Attelabidae

Attelabidae View in CoL

With approximately 2 500 described species in 150 genera and a cosmopolitan distribution, the Attelabidae are another successful group of weevils. Like Anthribidae , they seem to have achieved their success in diversity also through association with fungi, their larvae developing on withering plant tissues that may be indirectly or directly infected with fungi. In contrast to anthribids, however, female attelabids prepare their oviposition site with their rostrum, which is further modified from the belid condition by the fusion of the gular sutures and the reduction of the ligula. The rostrum is used to variously sever the sap flow in a living plant organ (stem, leaf, bud, fruit) and cause it to wilt or drop off, with the larva feeding on the decaying tissues. In advanced Attelabinae , females roll leaves into elaborate, cigar-like nidi (nests) in which they lay their eggs and which they can inoculate with fungal spores carried in special mycetangia next to their hind coxae (fig. 5). Attelabidae are predominantly associated with angiosperms, only a few primitive ones living on conifers ( Cupressaceae , Pinaceae ) but indicating these to probably constitute the ancestral hosts of the family.

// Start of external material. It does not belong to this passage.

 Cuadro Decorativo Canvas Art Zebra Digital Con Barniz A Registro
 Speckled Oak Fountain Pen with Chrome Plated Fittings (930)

The Attelabidae View in CoL generally comprise two subfamilies, Rhynchitinae and Attelabinae , with about equal numbers of described species. Though treated as separate families by some authors (e.g., Zimmerman 1994a, Legalov 2004, 2005), the two groups share several synapomorphic characters ( Thompson 1992, Kuschel 1995, Marvaldi & Morrone 2000) and together evidently constitute a monophyletic group. The Attelabinae are strongly indicated to be monophyletic as well, but the same cannot be said for the Rhynchitinae (defined only by the phylogenetically weak characters of appendiculate claws and exodont mandibles) and it remains to be demonstrated that they are not paraphyletic with respect to Attelabinae . Phylogenetic analyses of tribal relationships in both subfamilies were recently published by Legalov (2004, 2005), but they are based on numerous spurious characters of doubtful phylogenetic value and an unproven cladistic algorithm and require critical assessment. Presently therefore, phylogenetic relationships within Attelabidae View in CoL remain unresolved.